It looks like a game at first, when the three girls in Jane Upton's play come together for a surprise birthday party on a make-shift campsite amongst all the rubbish down by the railway. Look closer, however, and beyond the supermarket cake and the games of dare on the track-lines, and it's clear that Joanne has got Lisa here for a reason.
Twelve year old Amy probably wouldn't understand. She's “cute, but not in a baby way,” but both Joanne and Lisa bear the scars of what happened at the grown-up parties with the man from the chippy. Lisa got out, to a nice house like those she used to make up stories about as she and Joanne peered through the windows. But unless Joanne does something soon, she'll never get out, and she'll take Amy down with her.
Inspired by recent cases of child sexual grooming gangs, in which some 'older' girls were used to procure younger ones, Upton's joint winner of the 2016 George Devine Most Promising Playwright award makes for a harrowing hour. This is made even more troubling by the lack of any adult onstage to be the bad guy. Instead, Joanne, played by Tessa Orange-Turner with flint-eyed vulnerability, is old enough to get just how damaged she is.

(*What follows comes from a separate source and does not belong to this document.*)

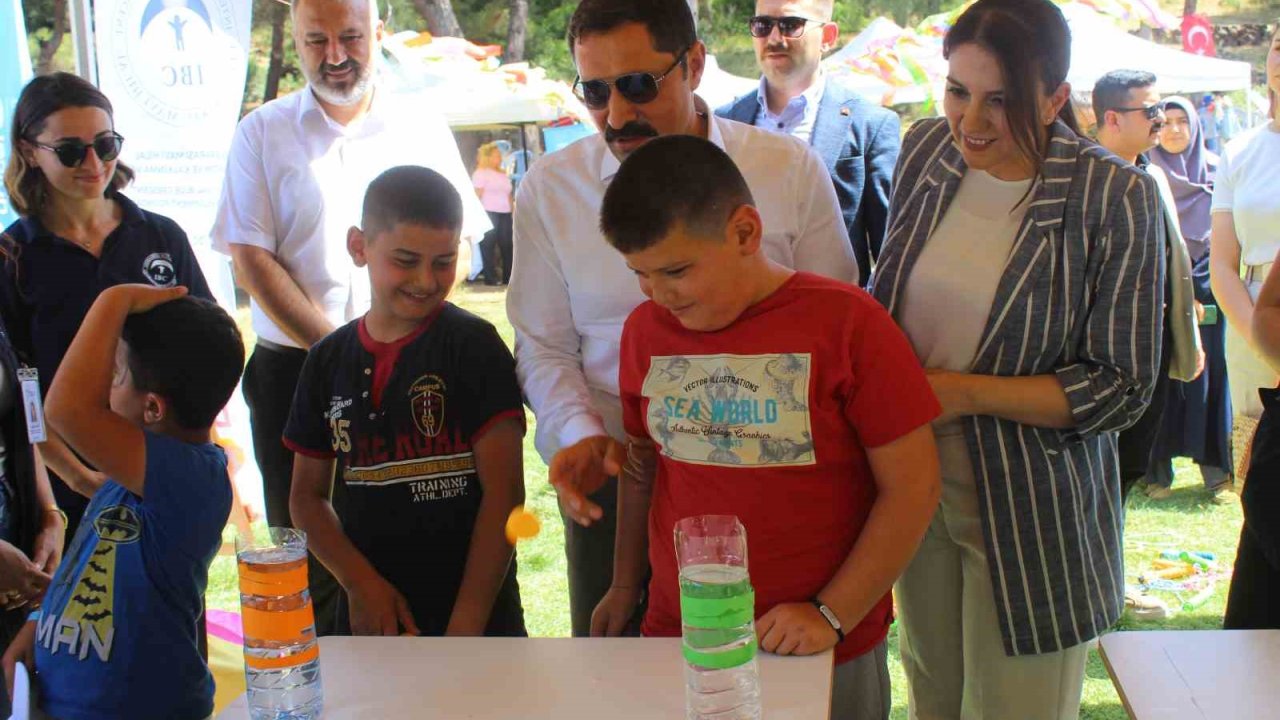 Depremde öksüz ve yetim kalan afetzede çocuklar doyasıya eğlendi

Presented by Fifth Word, an associate company of co-producers Nottingham Playhouse, and with support from the Safe and Sound charity, Laura Ford's production is brought to raw, unrelenting life by Orange-Turner, Esther-Grace Button as Amy and Sarah Hoare as Lisa. As Joanne is left alone in the wilderness to await her fate, if only she could take the leap out of there, perhaps she'd be free.